Al caos istituzionale e civile si rispose con il "difensore della libertà" o della Costituzione. "Si era allora, nel sentimento della sicurezza politica e del benessere, tacciata come 'politica', e con ciò liquidata, la semplice richiesta di un custode della Costituzione". Le assonanze con il nostro tempo non sono difficili da cogliere. Se anche noi abbiamo bisogno di un Custode della Costituzione, che non agisca soltanto nell'immaginario collettivo soltanto quando le crisi di legalità e di legittimità si fanno più acute, è necessario che una tale figura, incarnata nel capo dello Stato, cioè nel "decisore" (per le ragioni esposte sopra), non sia il frutto dell'improvvisazione di un momento eccezionale, ma costituisca il riferimento permanente di una comunità che voglia sostenersi nelle frequenti convulsioni generate da "inimicizie" esterne, economico-finanziarie, e non solo, tali da provocare il collasso sociale e l'usurpazione dei diritti democratici da parte di poteri che abitualmente agiscono nell'ombra. Ragion per cui, costituzionalizzare ciò che ha fatto Napolitano nelle ultime settimane, dando vita - e lo scrivo con rispetto istituzionale e culturale - ad una sorta di presidenzialismo non esplicitato, come pure ha osservato il direttore Mario Sechi, ritengo sia indispensabile.
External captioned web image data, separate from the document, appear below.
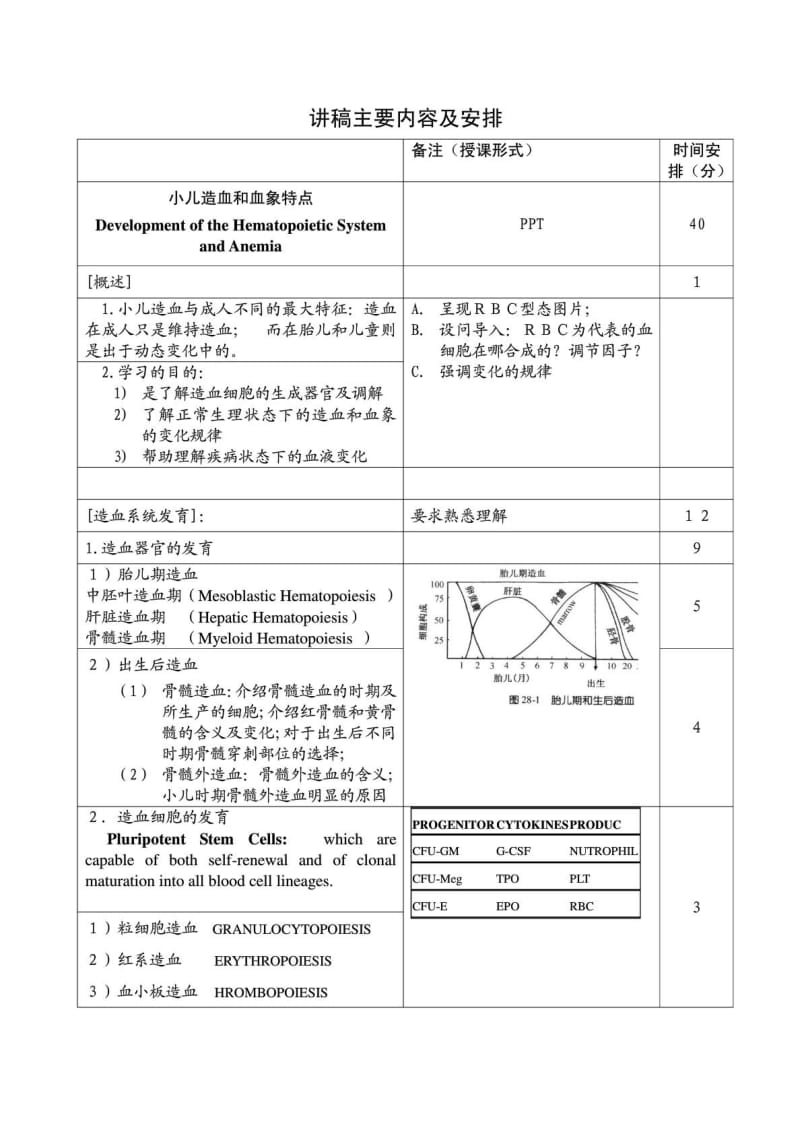 重庆医科大学儿科学教案1528899943.doc_第2页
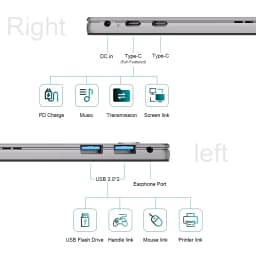 Ninkear S13 Neo Laptop 13 Inch 3K IPS 3:2 Display Intel Processor N150 12GB LPDDR5 RAM 512GB SSD Windows 11 2 in 1 Convertible Notebook 360° Touchscreen Magnetic Detachable Keyboard for Business Home Office Study and Everyday Multitasking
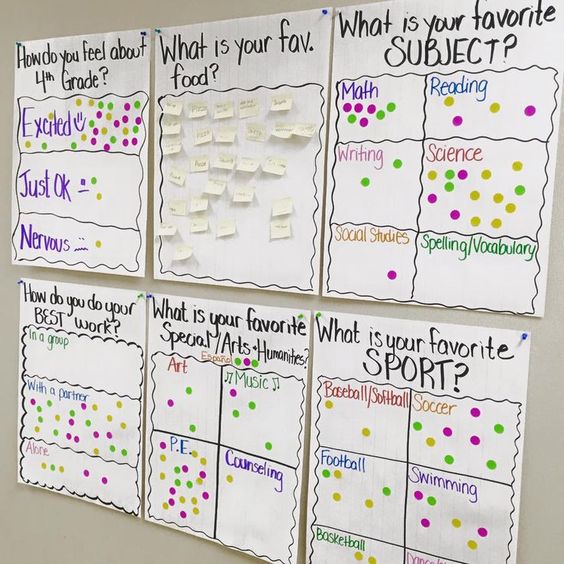  20 ideja za učionice 4. razreda koje će svakom učeniku učiniti omiljenom!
Ecco che Schmitt ritorna. Con l'idealtypus del decisore, ripreso negli anni Ottanta da Gianfranco Miglio, maestro di generazioni di studiosi di scienza della politica ed in particolare del neo-ministro della Cultura Lorenzo Ornaghi, che scriveva: "Se in un regime elettivo-rappresentativo, si vuole (e non si può non volerlo) un supremo potere decisionale (cioè un Governo) sottratto alle pressioni ed ai ricatti degli interessi frazionali organizzati, la via obbligatoria è costituita dall'elezione diretta del suo titolare da parte del popolo". Il cerchio si chiude. La politica torna sovrana. E Schmitt e Miglio possono sorridere assistendo alla vittoria del realismo sulle querelles populiste.